North San Antonio RTA member Carlos Ortiz was honored during the TRTA Awards Banquet with the prestigious E.L. Galyean Award for his many years of service. Mr. Ortiz has served in many capacities at the local unit, district and state level, including as a member of the TRTA State Legislative Committee and TRTF Board of Trustees.


Carlos Ortiz receives his E.L. Galyean Award
from TRTA President Fran Plemmons.

District 14 won awards for the highest percentage of membership gain, as well as highest total membership gain. Hamilton County ARTSP won the local unit award for the highest percentage of membership gain, and Abilene RTA won the local unit award for the highest total membership gain.
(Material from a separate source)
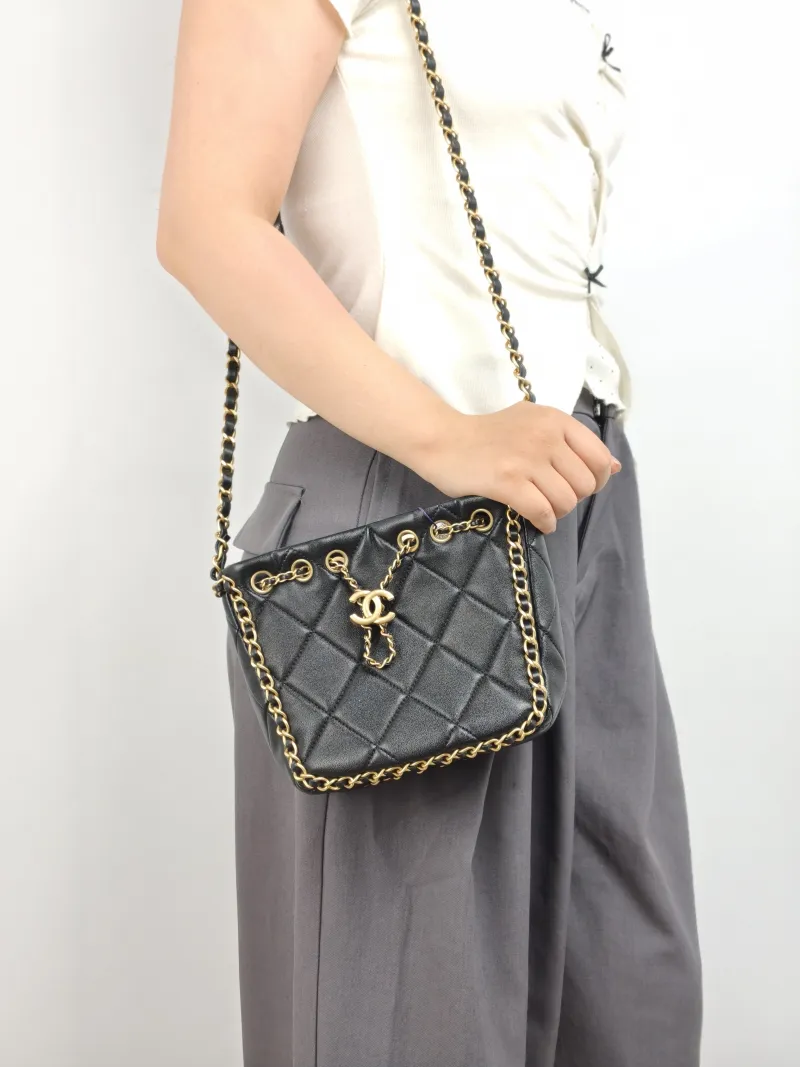 Chanel Shoulder Bag Bucket Bag Black Lambskin One Size 22 × 8 × 17 cm — on-model view 1 of 2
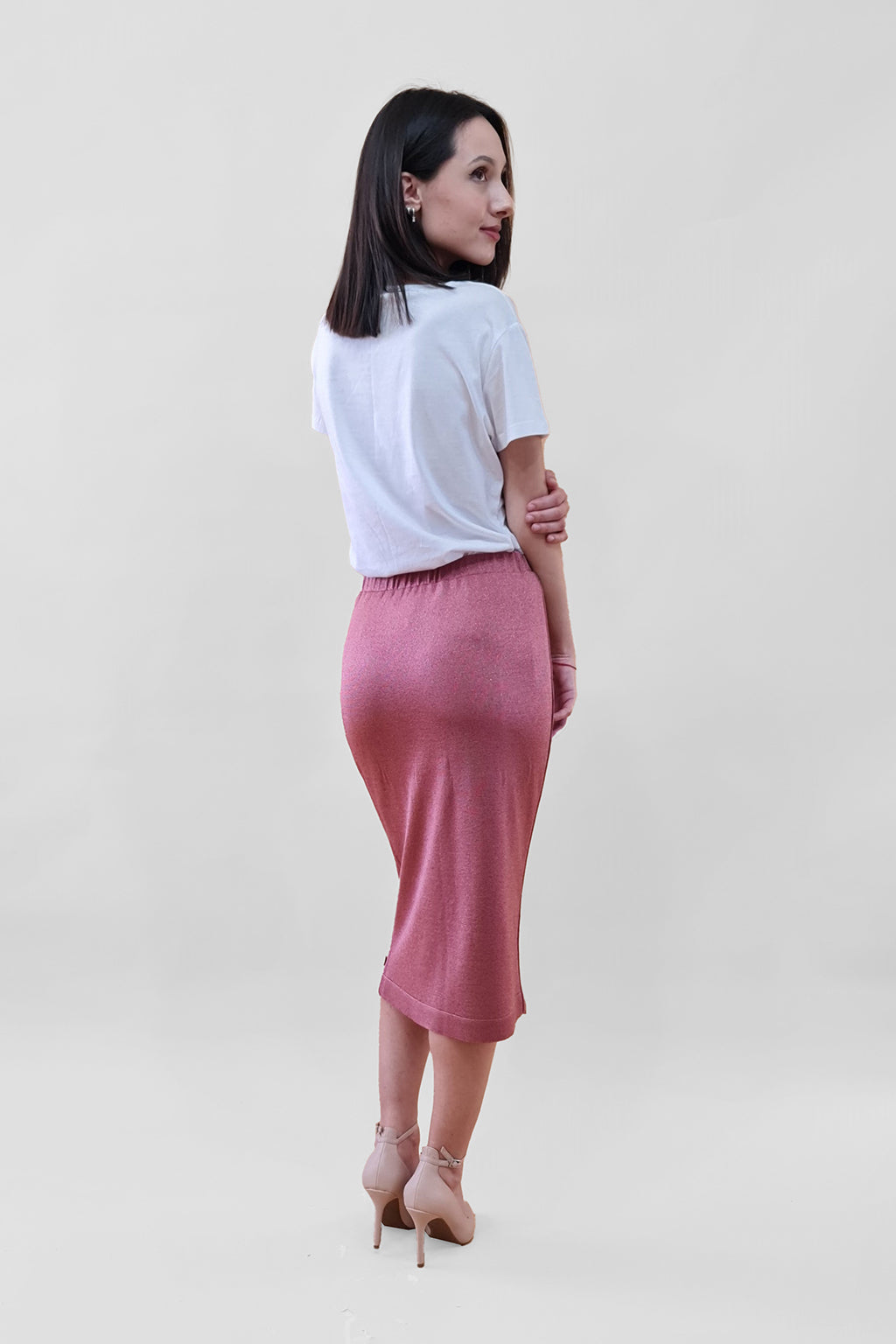 Woman wearing a white top and pink skirt with heels, facing away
TRTA President Fran Plemmons was also honored with a special gift as she completes her term leading the organization. Under her leadership, TRTA’s membership has grown to over 80,000. Fran also created the President’s Diamond Award, which was presented for this first time during this year’s convention. The $1,500 award was presented to the Goliad County RSP for their advances in membership growth utilizing the TRTA Diamond Plus program.

About 800 attendees enjoyed a Legislative Luncheon, with the opportunity to hear from Teacher Retirement System of Texas (TRS) Executive Director Brian Guthrie, and State Senators Joan Huffman and John Whitmire. The panel, led by TRTA Executive Director Tim Lee, enlightened the crowd about the problems plaguing the TRS-Care retiree health insurance program, potential solutions and state budget concerns.

TRTA appreciates the hard work of District 4 volunteers and the Leadership Training Committee members, all of whom worked non-stop to make the 63rd annual convention a great success!

Thank You

Convention is a great platform for learning and growing as an organization. For local unit committee chairmen and members, be sure to check out all of the convention resource guides now available on the TRTA website!

Next year’s convention will be held in Austin, and will include a TRTA Day at the Capitol event. As Senator John Whitmire stated numerous times during the legislative luncheon, our members must be engaged! Mark your calendars now for March 27-29, 2017, and plan to be the loudest, most unified voice at the Texas Capitol during the 84th Legislative Session.